According to the Wikipedia page on Martingale betting, even though each bet has zero expected value, Euclid is certain to make money with this strategy. But what about his expected winnings? Are those still zero?

Argument for NO: He either makes $1 off the bat or he loses some number of times first. If he loses $1, loses $2, loses $4, then finally wins $8 -- lo and behold, he's netted $1. That's true for any possible losing streak (except an infinite losing streak, which has zero probability), so he always makes $1.

Argument for YES: Euclid is making a sequence of bets, each of which has zero expected value. The sum of any number of zeros is zero. (Also he has an infinitesimal chance of losing infinite money so that has to factor in.)

FAQ

1. How much money does Euclid start with?

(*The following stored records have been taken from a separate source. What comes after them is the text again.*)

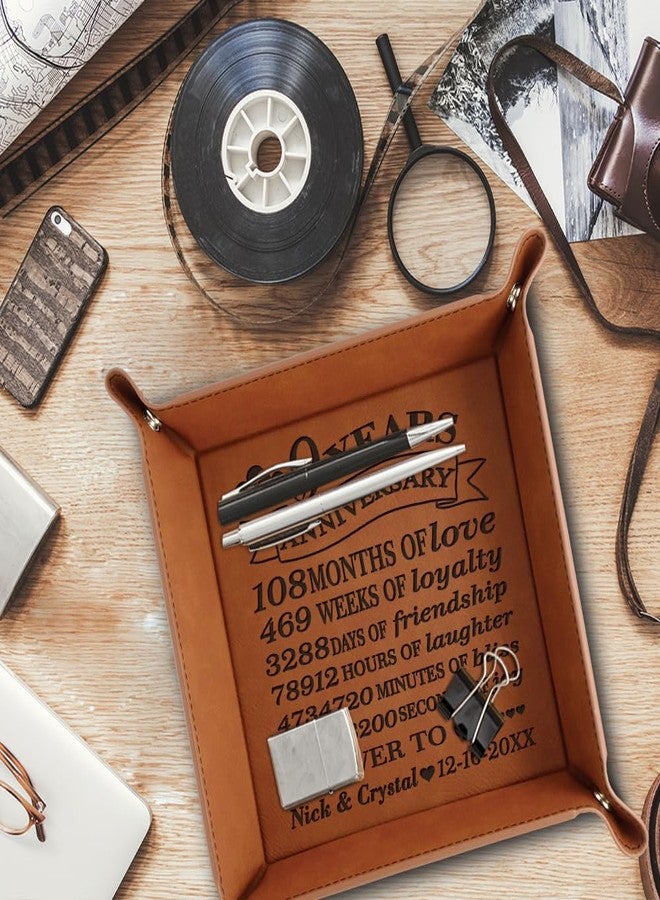 Bella Busta -9 Years Anniversary-Forever to go-Engraved Leather Tray with Breakdown Dates-Storage & Organization Jewelry Trays - Image 4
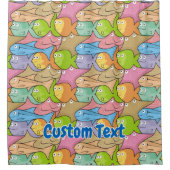 Rideau de douche caricature de poissons (Devant)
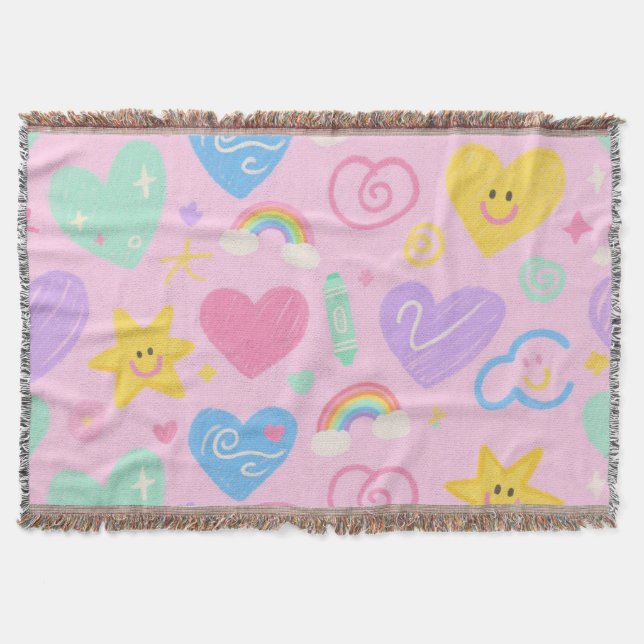 Hearts & Doodles Blanket - Mjuk pastellskärpa Filt (Framsidan)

Infinite money! Or, rather, we'll say he has unlimited credit. Any finite amount of money he wants to bet, he borrows it as needed. This is magical math world.

2. What's the house's edge?

None! Again: math world. Euclid wins each spin with exactly 50% probability.

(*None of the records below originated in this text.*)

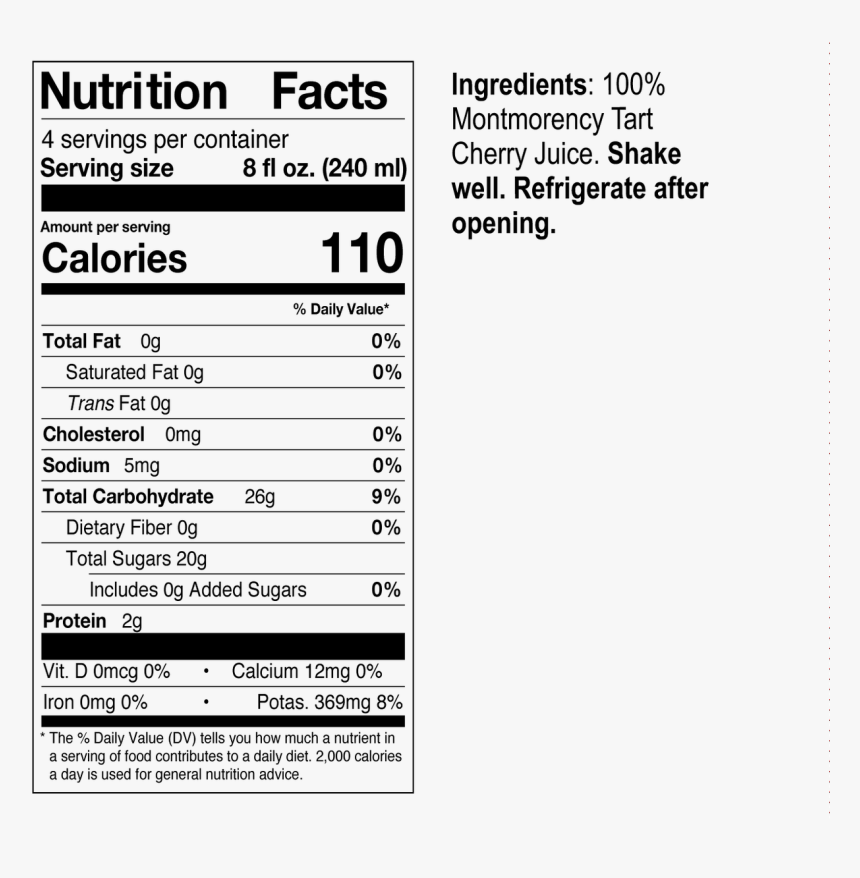 100% Cherry Juice - Nutrition Facts, HD Png Download, Free Download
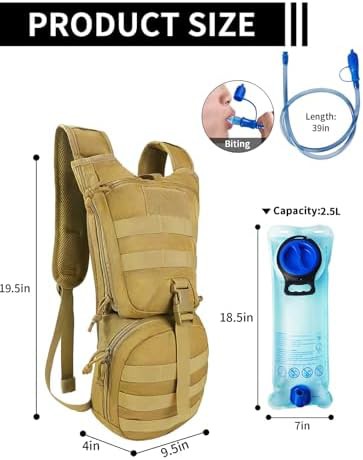 Khaki tactical hydration pack with water bladder — photo 3
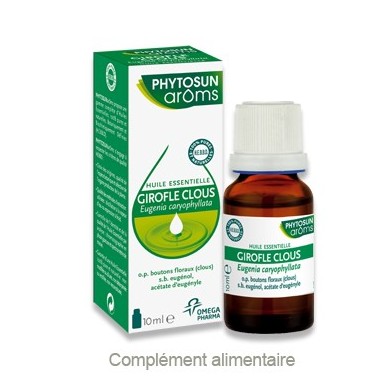 PHYTOSUN AROMS Huile essentielle de CLOUS de GIROFLE Flacon de 10 ml PHYTOSUN AROMS Huile essentielle de CLOUS de GIROFLE Flacon de 10 ml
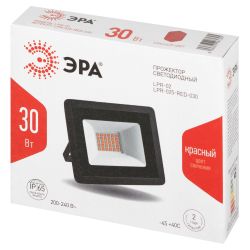 Прожектор светодиодный уличный ЭРА LPR-025-RED-030 30Вт красное свечение 600лм IP65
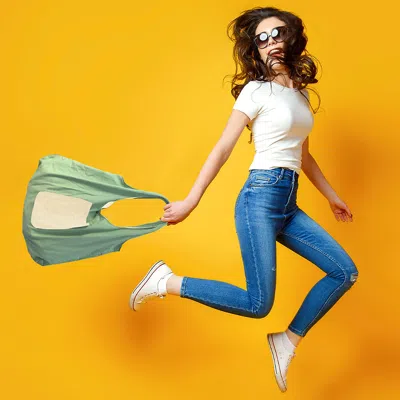 Fashnzfab Foldable Two Tone Big Tote Bag In Blue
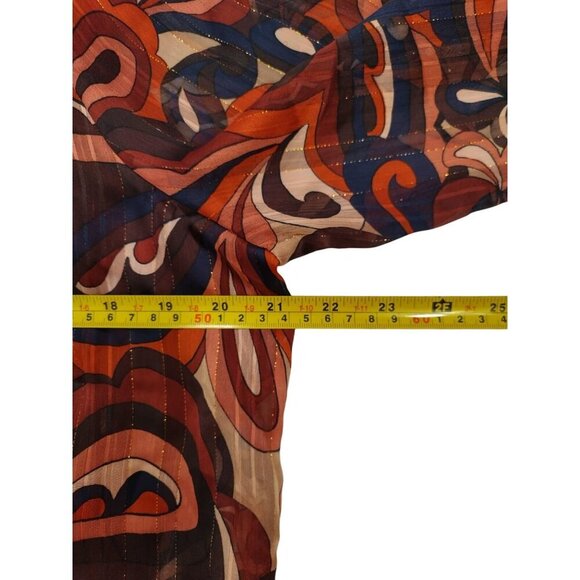 Haver London retro-inspired long-sleeved blouse with a tie neck,L gathered cuffs - Picture 8 of 10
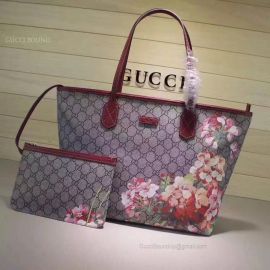 Gucci Blooms GG Supreme Shopping Bag Dark Red 405020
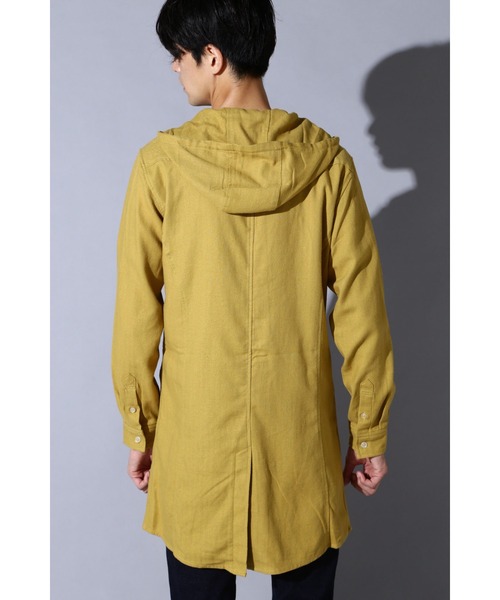 BLUE TORNADO（ブルートルネード）の「BLUE TORNADO∴ヘリンボンロングフードシャツ（パーカー・メンズ・イエロー・L）」の2枚目の写真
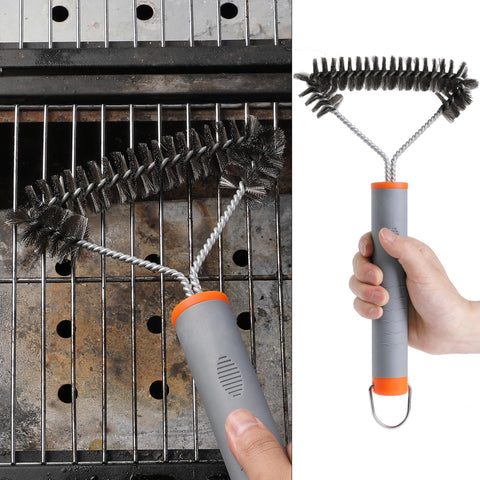 UNCO 3-Sided Grill Brush cleans porcelain, infrared, and other grates.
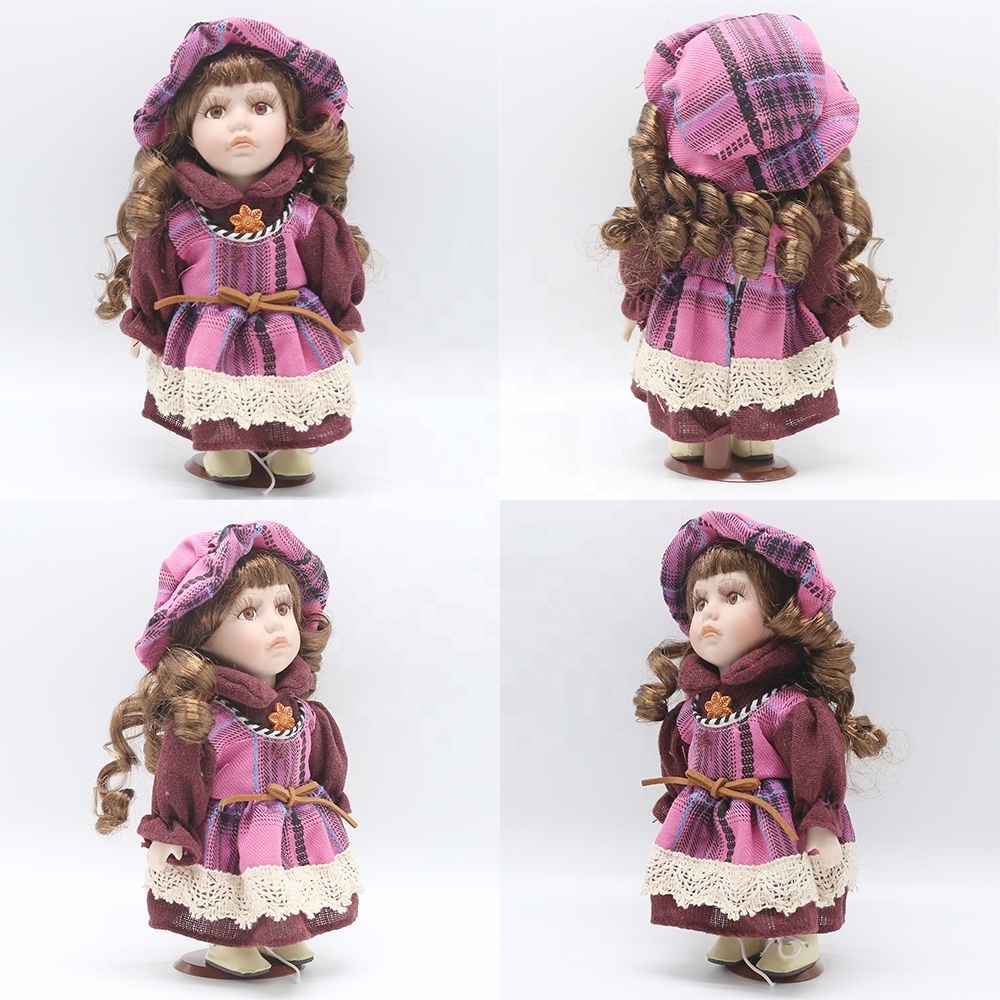 Promotion gift cute 18 inch doll with red dress in russian soft wholesale porcelain girl doll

3. What if the expected value (EV) is infinitesimally positive?

I think the EV is either zero or one but just in case, we'll count infinitesimal as zero. So that would be a YES here.

4. What if the EV is undefined or the answer is "it depends"?

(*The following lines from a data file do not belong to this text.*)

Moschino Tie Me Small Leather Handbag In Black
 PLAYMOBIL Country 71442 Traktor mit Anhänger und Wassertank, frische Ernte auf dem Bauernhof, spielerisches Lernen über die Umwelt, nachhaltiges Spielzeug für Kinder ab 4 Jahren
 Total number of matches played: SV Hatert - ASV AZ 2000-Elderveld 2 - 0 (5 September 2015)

We'll add clarifications until we get a meaningful EV and thus a definitive YES or NO.

5. What happens if Euclid has an infinite string of losses?

He gets a -$∞ payout! Being math world, all the infinitely many roulette spins happen instantaneously.

Resolution Criteria

Consensus in the comments. Failing that, expert consensus. Bet with caution until we've hashed out in the comments what that should mean! And be sure to ask about anything missing from the FAQ before betting.

Related Markets

• The original Snake Eyes market (lots more related markets linked there as well)

• Update 2025-06-17 (PST) (AI summary of creator comment): The creator has specified that resolution will depend on the mathematical treatment of the zero-probability event of infinite losses.

To reach a definitive answer, commenters should provide a rigorous justification, likely grounded in measure theory, for why this event can or cannot be ignored when calculating the expected value.

• Update 2025-06-18 (PST) (AI summary of creator comment): The creator has stated that older comments can be ignored. They have endorsed a recent comment's rigorous mathematical approach, signaling that resolution will be based on a consensus built from similar high-quality arguments.